• TASK STATEMENT:
Return all the data below as it stands, minus the pictures.

• DATA EXCERPT:
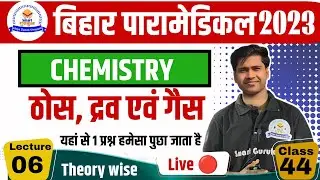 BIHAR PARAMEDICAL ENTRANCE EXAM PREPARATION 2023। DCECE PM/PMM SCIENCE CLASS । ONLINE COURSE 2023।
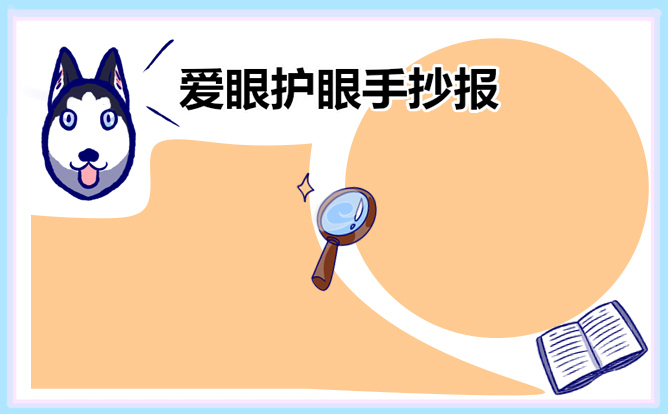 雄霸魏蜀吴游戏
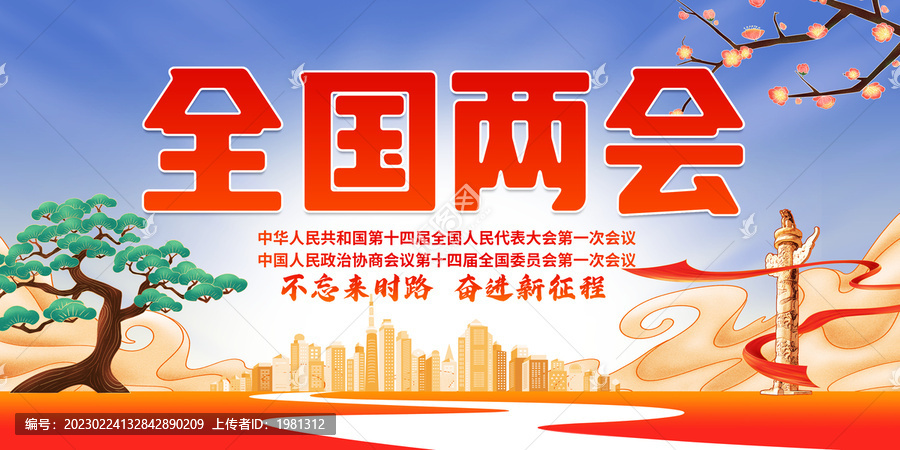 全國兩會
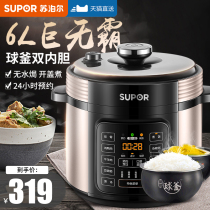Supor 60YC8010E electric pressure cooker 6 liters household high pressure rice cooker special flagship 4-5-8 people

• RESPONSE AREA:
 BIHAR PARAMEDICAL ENTRANCE EXAM PREPARATION 2023। DCECE PM/PMM SCIENCE CLASS । ONLINE COURSE 2023।
 雄霸魏蜀吴游戏
 全國兩會
Supor 60YC8010E electric pressure cooker 6 liters household high pressure rice cooker special flagship 4-5-8 people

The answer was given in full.